[Data items]
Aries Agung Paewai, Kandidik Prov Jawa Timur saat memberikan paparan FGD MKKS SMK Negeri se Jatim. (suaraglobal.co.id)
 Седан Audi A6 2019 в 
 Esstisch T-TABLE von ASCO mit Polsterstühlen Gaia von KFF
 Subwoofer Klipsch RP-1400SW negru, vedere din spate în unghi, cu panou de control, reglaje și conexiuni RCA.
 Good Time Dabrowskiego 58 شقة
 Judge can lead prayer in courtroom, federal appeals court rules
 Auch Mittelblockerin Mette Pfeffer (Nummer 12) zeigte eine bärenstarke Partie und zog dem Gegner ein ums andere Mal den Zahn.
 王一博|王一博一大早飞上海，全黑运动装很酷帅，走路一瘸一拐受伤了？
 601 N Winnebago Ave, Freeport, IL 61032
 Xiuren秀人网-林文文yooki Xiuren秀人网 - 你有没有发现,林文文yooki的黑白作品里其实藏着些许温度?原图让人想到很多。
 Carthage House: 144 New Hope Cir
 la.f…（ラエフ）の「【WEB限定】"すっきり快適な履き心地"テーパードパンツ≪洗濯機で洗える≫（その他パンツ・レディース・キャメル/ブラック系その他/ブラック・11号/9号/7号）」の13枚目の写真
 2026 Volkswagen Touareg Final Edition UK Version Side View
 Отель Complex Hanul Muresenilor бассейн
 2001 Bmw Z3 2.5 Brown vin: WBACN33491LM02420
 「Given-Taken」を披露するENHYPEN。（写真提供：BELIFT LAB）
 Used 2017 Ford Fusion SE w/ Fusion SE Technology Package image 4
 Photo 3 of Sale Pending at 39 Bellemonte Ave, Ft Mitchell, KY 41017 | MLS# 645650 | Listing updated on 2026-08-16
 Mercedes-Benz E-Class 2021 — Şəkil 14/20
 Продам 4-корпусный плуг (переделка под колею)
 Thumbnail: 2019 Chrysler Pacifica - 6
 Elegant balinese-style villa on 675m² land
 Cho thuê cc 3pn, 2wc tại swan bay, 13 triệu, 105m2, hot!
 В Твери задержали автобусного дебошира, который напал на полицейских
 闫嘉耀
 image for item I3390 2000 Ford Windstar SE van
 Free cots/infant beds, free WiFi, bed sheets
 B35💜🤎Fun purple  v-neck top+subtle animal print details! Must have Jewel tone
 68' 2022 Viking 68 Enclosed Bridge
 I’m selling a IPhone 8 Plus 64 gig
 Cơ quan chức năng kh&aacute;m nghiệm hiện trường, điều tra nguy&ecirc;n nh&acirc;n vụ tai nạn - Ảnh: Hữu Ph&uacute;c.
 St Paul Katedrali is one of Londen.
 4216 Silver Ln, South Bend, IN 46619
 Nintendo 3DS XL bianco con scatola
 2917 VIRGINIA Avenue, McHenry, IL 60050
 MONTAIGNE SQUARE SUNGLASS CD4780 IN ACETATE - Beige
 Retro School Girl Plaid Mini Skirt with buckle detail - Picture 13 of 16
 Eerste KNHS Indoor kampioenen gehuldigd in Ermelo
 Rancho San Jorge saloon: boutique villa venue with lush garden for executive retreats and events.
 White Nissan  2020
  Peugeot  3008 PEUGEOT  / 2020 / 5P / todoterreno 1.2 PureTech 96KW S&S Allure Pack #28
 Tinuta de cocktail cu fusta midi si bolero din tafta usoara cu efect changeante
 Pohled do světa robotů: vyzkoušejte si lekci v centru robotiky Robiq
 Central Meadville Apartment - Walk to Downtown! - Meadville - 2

What you have to do | Beginning with the line that contains "2917 VIRGINIA Avenue, McHenry, IL 60050", return every line through the end of the data above, exactly as written.

Result |
 2917 VIRGINIA Avenue, McHenry, IL 60050
 MONTAIGNE SQUARE SUNGLASS CD4780 IN ACETATE - Beige
 Retro School Girl Plaid Mini Skirt with buckle detail - Picture 13 of 16
 Eerste KNHS Indoor kampioenen gehuldigd in Ermelo
 Rancho San Jorge saloon: boutique villa venue with lush garden for executive retreats and events.
 White Nissan  2020
  Peugeot  3008 PEUGEOT  / 2020 / 5P / todoterreno 1.2 PureTech 96KW S&S Allure Pack #28
 Tinuta de cocktail cu fusta midi si bolero din tafta usoara cu efect changeante
 Pohled do světa robotů: vyzkoušejte si lekci v centru robotiky Robiq
 Central Meadville Apartment - Walk to Downtown! - Meadville - 2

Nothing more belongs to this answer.